The Centre of Contemporary Art offered many art activities to Cantabrians: art project spaces, childrens’ education centre, venue for events, and has acted as a dealer gallery. The earthquake came at the moment COCA had just instigated the beginning of a new plan for the gallery. The intention up until the 22 Feb was to return to the ‘original objectives’ of the founding members and focus on its core business, which is the facilitation of contemporary art. The Board of Trustees was beginning to action their plan for re-focusing the gallery on its core activity of exhibiting contemporary art by appointing a dedicated Curator supported by a Business Manager.
The aim of the new plan was—and remains— to present the highest calibre of stimulating and relevant exhibitions that resources permit. (The dealer aspect of the gallery compromised this and was to be deleted in favor of a broader more encompassing exhibition programme.) The aim was—and remains— to be the most innovative, responsive and publicly engaged contemporary art gallery in New Zealand.
The quake of 22 Feb has dramatically shifted the city centre and shifted economic priorities. The plan is not feasible at this time, and it is clearly obvious that it may not be for several years.
While the gallery enjoys the security of being the freehold owner of a purpose-built gallery, there was already a dramatic lull in art sales due to the national and global economic recession. This would be exacerbated by the Christchurch earthquake. “To continue to operate as before is not an economically viable solution. Reliance on sales is just not an option when audience access is in doubt and to “rally on as usual” would inevitably result in crippling debt and asset loss,” COCA’s Board of Trustees add.

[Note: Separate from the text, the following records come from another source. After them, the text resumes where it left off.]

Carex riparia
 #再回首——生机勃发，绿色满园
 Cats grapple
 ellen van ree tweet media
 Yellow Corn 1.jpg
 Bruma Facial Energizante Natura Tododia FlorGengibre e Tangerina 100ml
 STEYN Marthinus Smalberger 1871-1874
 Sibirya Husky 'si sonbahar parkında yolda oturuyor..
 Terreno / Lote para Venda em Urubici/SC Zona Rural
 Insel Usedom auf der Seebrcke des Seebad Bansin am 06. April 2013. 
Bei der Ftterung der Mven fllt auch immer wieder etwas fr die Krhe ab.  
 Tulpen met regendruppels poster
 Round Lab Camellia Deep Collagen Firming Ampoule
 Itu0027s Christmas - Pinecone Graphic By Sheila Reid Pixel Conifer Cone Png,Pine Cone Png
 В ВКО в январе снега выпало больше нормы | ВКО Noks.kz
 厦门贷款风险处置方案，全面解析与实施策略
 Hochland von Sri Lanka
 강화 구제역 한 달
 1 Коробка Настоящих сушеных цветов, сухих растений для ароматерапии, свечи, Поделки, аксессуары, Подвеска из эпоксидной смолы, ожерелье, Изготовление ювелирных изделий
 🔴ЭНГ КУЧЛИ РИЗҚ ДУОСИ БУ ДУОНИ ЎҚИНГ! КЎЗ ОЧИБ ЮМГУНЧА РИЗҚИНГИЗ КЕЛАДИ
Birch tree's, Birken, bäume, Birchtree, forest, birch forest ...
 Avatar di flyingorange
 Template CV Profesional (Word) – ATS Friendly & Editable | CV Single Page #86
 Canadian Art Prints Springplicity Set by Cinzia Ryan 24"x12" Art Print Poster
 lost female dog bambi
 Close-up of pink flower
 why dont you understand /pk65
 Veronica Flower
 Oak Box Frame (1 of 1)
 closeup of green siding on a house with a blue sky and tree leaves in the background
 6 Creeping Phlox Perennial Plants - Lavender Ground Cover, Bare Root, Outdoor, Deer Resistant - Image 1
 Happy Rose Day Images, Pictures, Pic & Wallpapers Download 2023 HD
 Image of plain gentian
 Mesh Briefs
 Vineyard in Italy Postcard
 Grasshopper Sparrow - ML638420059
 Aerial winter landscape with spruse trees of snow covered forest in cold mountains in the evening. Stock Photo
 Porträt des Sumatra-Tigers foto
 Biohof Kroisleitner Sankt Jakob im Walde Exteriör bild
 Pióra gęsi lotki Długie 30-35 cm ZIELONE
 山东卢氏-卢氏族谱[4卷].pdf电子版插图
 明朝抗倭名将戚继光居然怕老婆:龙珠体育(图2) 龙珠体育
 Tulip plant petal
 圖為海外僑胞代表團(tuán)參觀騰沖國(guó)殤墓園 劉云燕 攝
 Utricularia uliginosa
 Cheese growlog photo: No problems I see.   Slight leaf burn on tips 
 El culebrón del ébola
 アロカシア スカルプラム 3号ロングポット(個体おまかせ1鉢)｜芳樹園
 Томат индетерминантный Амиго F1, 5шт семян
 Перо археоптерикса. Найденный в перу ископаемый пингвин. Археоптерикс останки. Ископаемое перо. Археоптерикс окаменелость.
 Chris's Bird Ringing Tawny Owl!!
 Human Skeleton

It would be difficult to seek sponsorship and support for the arts post the quake when the Christchurch City Council and businesses are rightly occupied with re-establishing the city’s basic infrastructure. To protect the Centre of Contemporary Art’s assets at this extraordinary, unprecedented time the Board sees no alternative but to close the gallery, and rent the space for a period of approximately two years. During this time the gallery’s permanent collection is kindly being housed by Wigram Airforce Museum.
There is no doubt of the artistic support in the community, but the business community is not going to be able to give the level of support that it would have before 22 Feb. The trustees are committed to re-opening the gallery. The plan is to establish a strong financial position and to re-open with the revised vision when possible.
“We appreciate Te Papa National Services Te Paerangi, Christchurch Art Gallery and Akaroa Museums’ help with moving our precious artworks out. If Christchurch is to both retain and attract people it must offer an intellectual environment that is stimulating, provocative, beautiful, and fun; and it must have venues and institutions where artists can present their work. The Centre of Contemporary Art has a significant part to play in Christchurch’s re-build,” COCA’s Board of Trustees conclude.